Kevin Walsh’s side will this Sunday chase a third Connacht SFC title in four years and, in the process, bid to become the first Galway team since 2003 to successfully defend the JJ Nestor Cup.
Factor in last year’s Division 1 league final and All-Ireland semi-final appearances, bridging gaps of 12 and 17 years respectively — the Tribesmen have pushed themselves up the pecking order during Kevin Walsh’s five years at the helm.
That as it may be, O’Donnell, who is one of the elder statesmen in the squad having made his debut back in 2009, is adamant there is far more in this side.
“We haven’t fulfilled our potential, no point saying otherwise,” said O’Donnell.
“It was probably highlighted a few years back that we needed to be in Division 1. Any year we didn’t get up, it was kind of thrown back at us, which was probably fair enough. The longer it went on, the more it was dragging us down, but since we’ve won Division 2, we’ve ticked a lot of boxes along the way. We’ve had Croke Park wins, we beat Kerry last year, the first time in a long time, and reached an All-Ireland semi-final too.
“Things are heading in the right direction, but we don’t want that to be the peak of our powers by any means.
“We’ve plenty more boxes to tick. We’d be our own harshest critics. We know the potential that we have, the players we have, and the drive that a lot of our lads would have. It’s probably not as evident to people from the outside.
“A lot of lads would have All-Ireland underage medals, be it with their college, school, club, and Galway underage, so a lot of lads are familiar with success, but they obviously want to bring that to senior level now as well.”
The last time Galway and Roscommon met in a Connacht decider at Pearse Stadium, it was the visitors who scored a surprise yet emphatic victory. Two years on from that 2-15 to 0-12 defeat, O’Donnell, who hails from the hurling heartland of Gort, but plays his club football with Tuam, is not sure if complacency was a factor.
“Thinking back to it, and what way we were going into the game, we were very, very confident as we were playing quite well. I know conditions were difficult in Pearse Stadium, with the wind and rain, but that was the case for both teams. They were in our faces on the day. They were much the better side.”
Touching on those familiar Salthill elements, which greatly hindered the recent Galway-Wexford hurling fixture at Pearse Stadium, O’Donnell gives the impression that he prefers playing at Galway football’s spiritual home, Tuam Stadium.
“I think a lot of the lads like Pearse Stadium the venue. The weather is a different kettle of fish.

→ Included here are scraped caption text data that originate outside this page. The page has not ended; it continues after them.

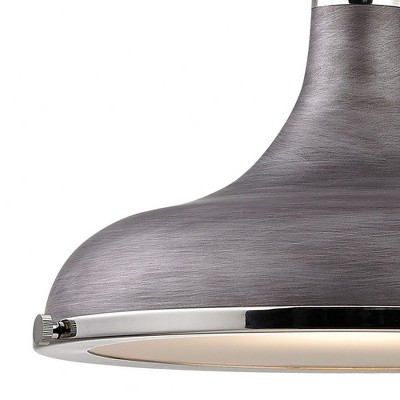 Transitional Rutherford 15-Inch Pendant in Polished Nickel & Weathered Zinc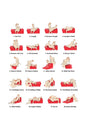 XR Brands - Bedroom Bliss - Love Cushion Foam Wedge Pillow Set - Red - Stag Shop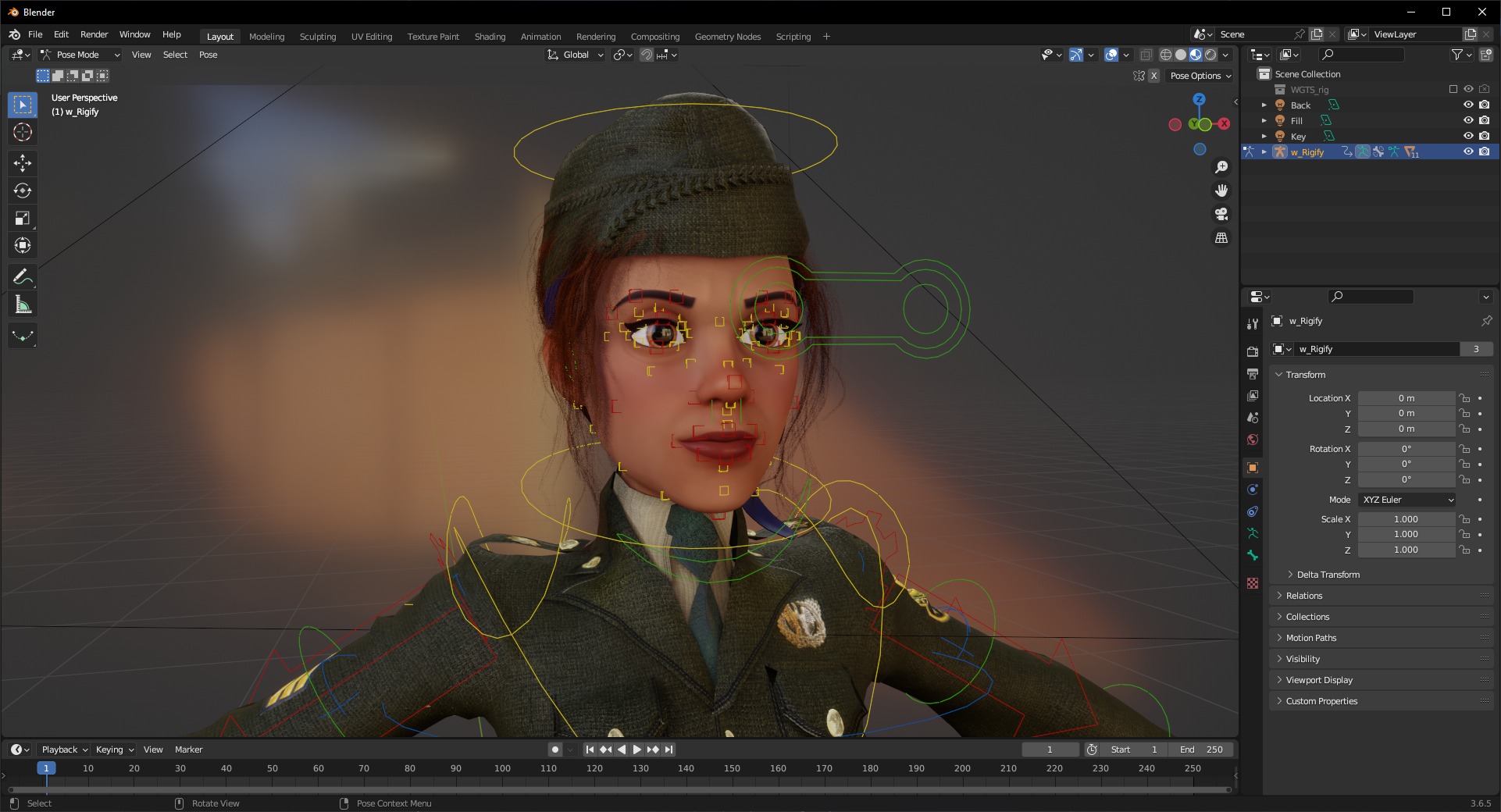 woman in us army uniform Low-poly 3D model_20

“Tuam Stadium is not your typical county ground in terms of facilities and so on, maybe that’s the difficulty for other teams coming there. There’s a huge amount of tradition to Tuam Stadium too with it being located in North Galway and the traditional home of Galway football so, in years to come, hopefully, that’ll be developed and we’ll be getting games back there as well.”